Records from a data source
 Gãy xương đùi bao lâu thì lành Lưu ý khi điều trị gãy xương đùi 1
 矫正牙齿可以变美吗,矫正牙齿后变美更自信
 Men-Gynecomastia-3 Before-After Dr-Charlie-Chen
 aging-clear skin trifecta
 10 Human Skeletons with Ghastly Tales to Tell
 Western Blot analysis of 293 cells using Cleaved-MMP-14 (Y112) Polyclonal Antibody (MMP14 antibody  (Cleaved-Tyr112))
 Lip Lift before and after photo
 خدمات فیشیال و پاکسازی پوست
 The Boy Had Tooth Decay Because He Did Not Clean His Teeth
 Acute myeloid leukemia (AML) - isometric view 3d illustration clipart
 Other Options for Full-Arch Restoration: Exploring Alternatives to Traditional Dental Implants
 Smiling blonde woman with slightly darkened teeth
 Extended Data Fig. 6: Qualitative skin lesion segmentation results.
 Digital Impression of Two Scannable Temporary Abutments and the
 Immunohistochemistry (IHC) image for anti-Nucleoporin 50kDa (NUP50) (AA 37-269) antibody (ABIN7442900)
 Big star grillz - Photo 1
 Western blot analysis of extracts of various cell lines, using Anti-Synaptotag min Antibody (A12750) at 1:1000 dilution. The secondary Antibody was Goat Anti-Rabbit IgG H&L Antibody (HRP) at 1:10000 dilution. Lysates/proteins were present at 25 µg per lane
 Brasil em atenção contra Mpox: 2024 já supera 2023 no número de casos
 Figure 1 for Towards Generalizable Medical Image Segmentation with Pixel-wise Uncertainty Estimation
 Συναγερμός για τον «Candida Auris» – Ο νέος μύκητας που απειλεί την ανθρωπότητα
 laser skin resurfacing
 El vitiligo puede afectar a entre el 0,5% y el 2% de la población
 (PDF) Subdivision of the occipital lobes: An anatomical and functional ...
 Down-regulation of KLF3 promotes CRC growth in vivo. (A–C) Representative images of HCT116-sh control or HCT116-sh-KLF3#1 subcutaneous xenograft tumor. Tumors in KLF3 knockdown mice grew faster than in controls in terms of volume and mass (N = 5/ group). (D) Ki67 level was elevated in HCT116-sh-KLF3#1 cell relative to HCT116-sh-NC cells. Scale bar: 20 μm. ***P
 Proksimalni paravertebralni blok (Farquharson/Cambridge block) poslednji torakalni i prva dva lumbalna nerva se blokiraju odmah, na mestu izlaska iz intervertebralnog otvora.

Required action
All that is wanted is an exact copy of the lines above from the one with "Immunohistochemistry (IHC) image" through the one with "(PDF) Subdivision of", with both ends included.

Result of the task
 Immunohistochemistry (IHC) image for anti-Nucleoporin 50kDa (NUP50) (AA 37-269) antibody (ABIN7442900)
 Big star grillz - Photo 1
 Western blot analysis of extracts of various cell lines, using Anti-Synaptotag min Antibody (A12750) at 1:1000 dilution. The secondary Antibody was Goat Anti-Rabbit IgG H&L Antibody (HRP) at 1:10000 dilution. Lysates/proteins were present at 25 µg per lane
 Brasil em atenção contra Mpox: 2024 já supera 2023 no número de casos
 Figure 1 for Towards Generalizable Medical Image Segmentation with Pixel-wise Uncertainty Estimation
 Συναγερμός για τον «Candida Auris» – Ο νέος μύκητας που απειλεί την ανθρωπότητα
 laser skin resurfacing
 El vitiligo puede afectar a entre el 0,5% y el 2% de la población
 (PDF) Subdivision of the occipital lobes: An anatomical and functional ...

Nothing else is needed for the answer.